I've done it many times,no problems yet..:thumbsup:


----------



## 480sparky (Sep 20, 2007)

carryyourbooks said:


> ..........
> those were used with analogs. smart meters don't need no stupid tabs.:whistling2:


Then them smart meters are very smart if they can figure out how to make contact with an ordinary meter socket without the tabs.


----------



## FastFokker (Sep 18, 2012)

Was reading about our smart meters last night and was surprised to see they have surge protection built into them... up to 575V. :thumbsup:


----------



## caseyelectric (Oct 19, 2008)

Any meter pulled by an electrician of any caliber in my area will get you a hefty fine. I don't do it. I go the proper procedure of permits inspections and poco linesmen


----------



## LegacyofTroy (Feb 14, 2011)

Yes, but you I and both know that there are those certain times when things just need to get done , for whatever reason and time isn't on our side.


----------



## carryyourbooks (Jan 13, 2010)

caseyelectric said:


> Any meter pulled by an electrician of any caliber in my area will get you a hefty fine. I don't do it. I go the proper procedure of permits inspections and poco linesmen


 
we did one a few months ago. the poco sent out an investigator to take pics of my van and job site. the job was in the boondocks. he nothing else to do.


----------



## FastFokker (Sep 18, 2012)

Time to get a big magnet made of a competitor who drives the same type and colour of truck, to use on those days!


----------



## bobelectric (Feb 24, 2007)

LegacyofTroy said:


> Yes, but you I and both know that there are those certain times when things just need to get done , for whatever reason and time isn't on our side.

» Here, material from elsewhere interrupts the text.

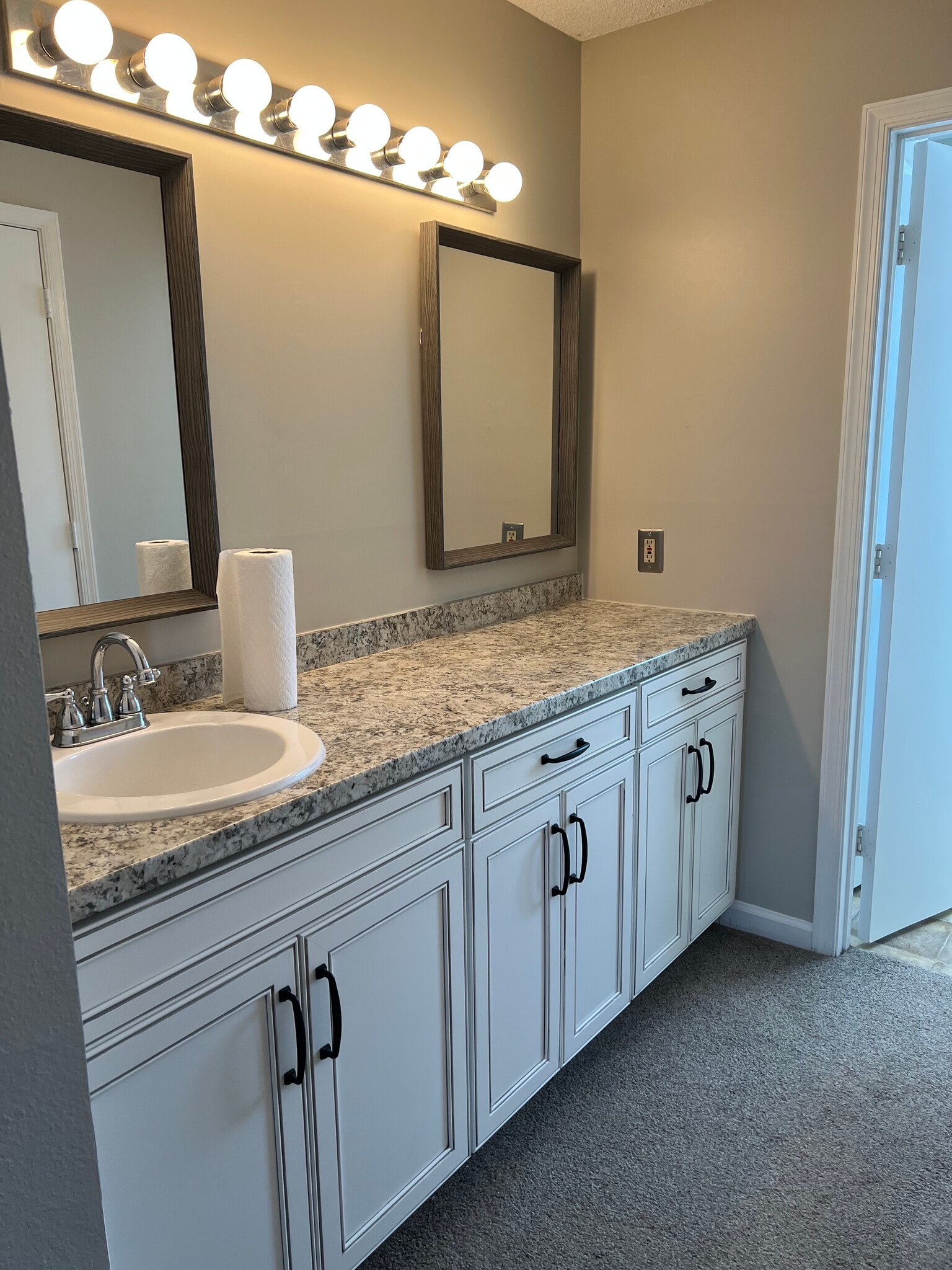 Building Photo - 260 Myrtle Greens Dr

Our power companies here are pretty good about sending a lineman out if you use the no pwer/need to change the main breaker excuse.


----------



## BBQ (Nov 16, 2010)

micromind said:


> Unfortunately, I think we'll see a rise in working stuff hot (and the ensuing fires, explosions, injuries, deaths, etc.) because the meter cannot be pulled and re-installed without consequence.
> 
> Where are the safety zealots when they could actually be of use?


Well, I work for a company that I am sure you would call safety zealots and we would ..... and do schedule the power company to kill the power. 

Pretty simple really.


----------